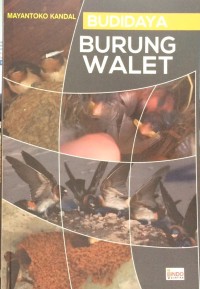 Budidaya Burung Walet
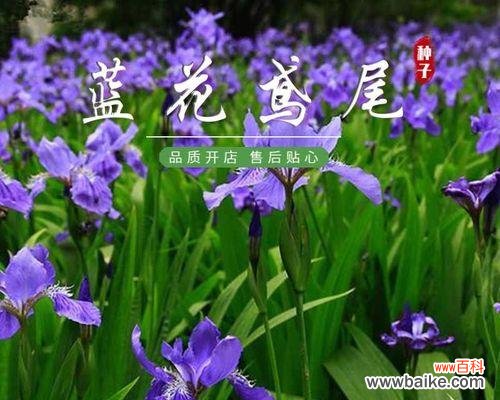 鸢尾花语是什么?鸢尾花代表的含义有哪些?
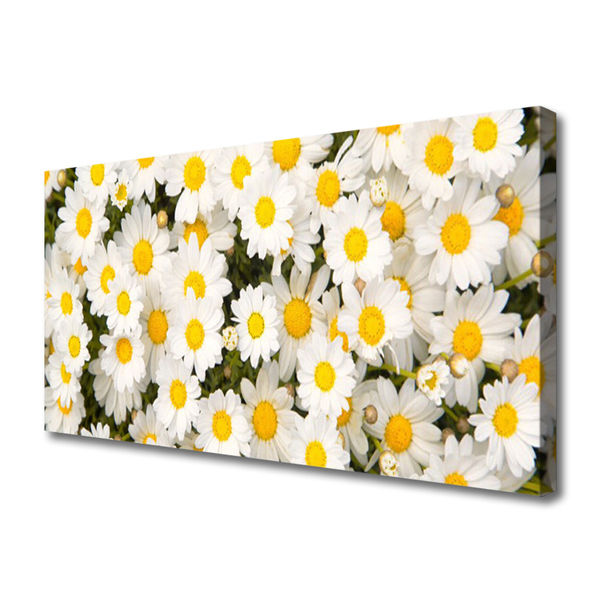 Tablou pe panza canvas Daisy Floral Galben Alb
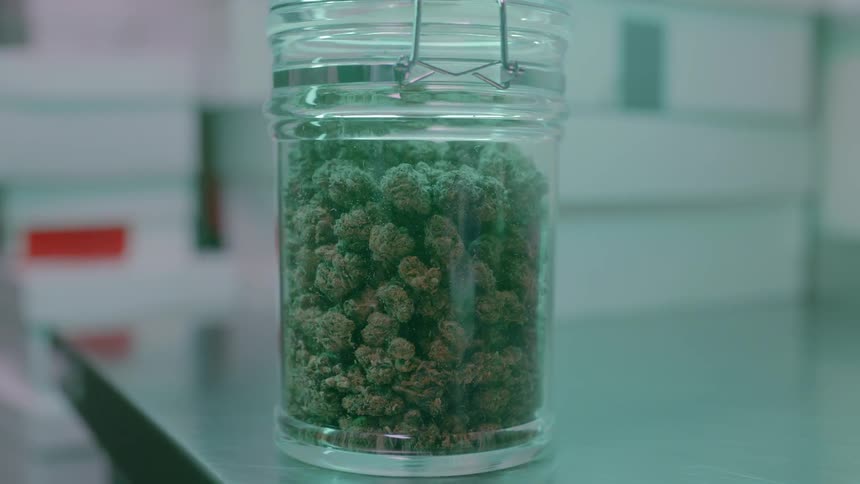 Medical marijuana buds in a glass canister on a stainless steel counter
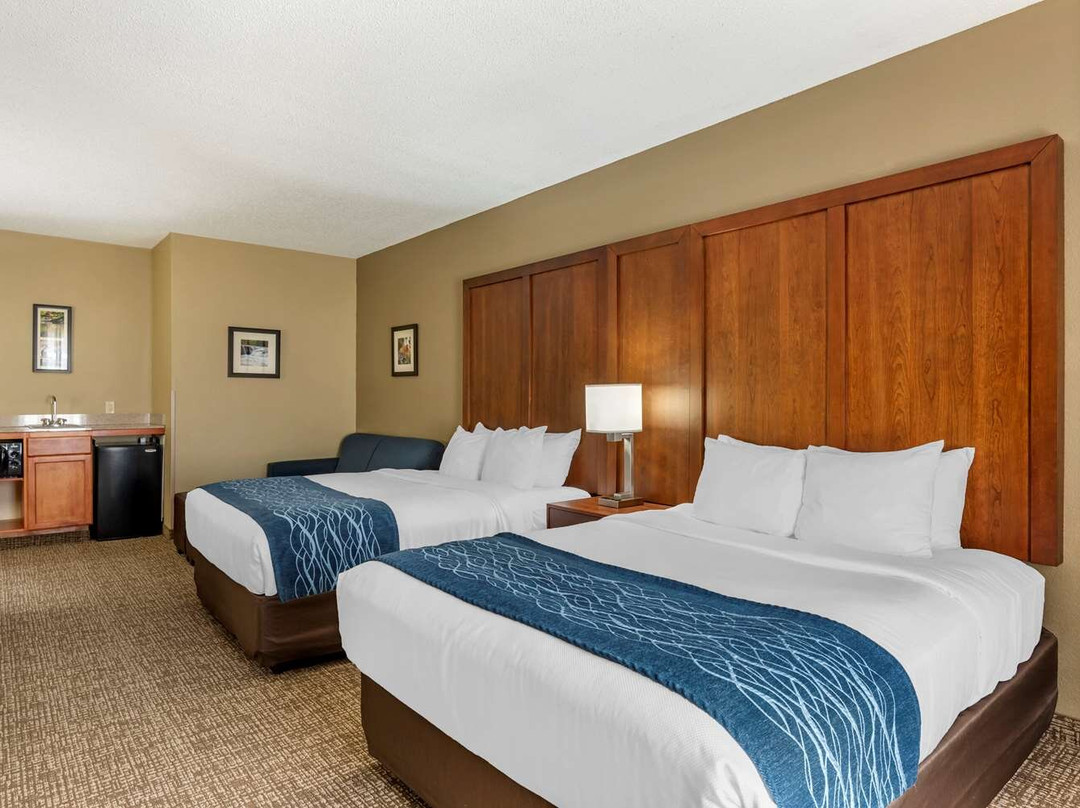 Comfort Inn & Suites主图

DIRECTIONS: What the response needs is every entry, repeated exactly, and none of the pictures.

WRITTEN SOLUTION:
 Budidaya Burung Walet
 鸢尾花语是什么?鸢尾花代表的含义有哪些?
 Tablou pe panza canvas Daisy Floral Galben Alb
 Medical marijuana buds in a glass canister on a stainless steel counter
 Comfort Inn & Suites主图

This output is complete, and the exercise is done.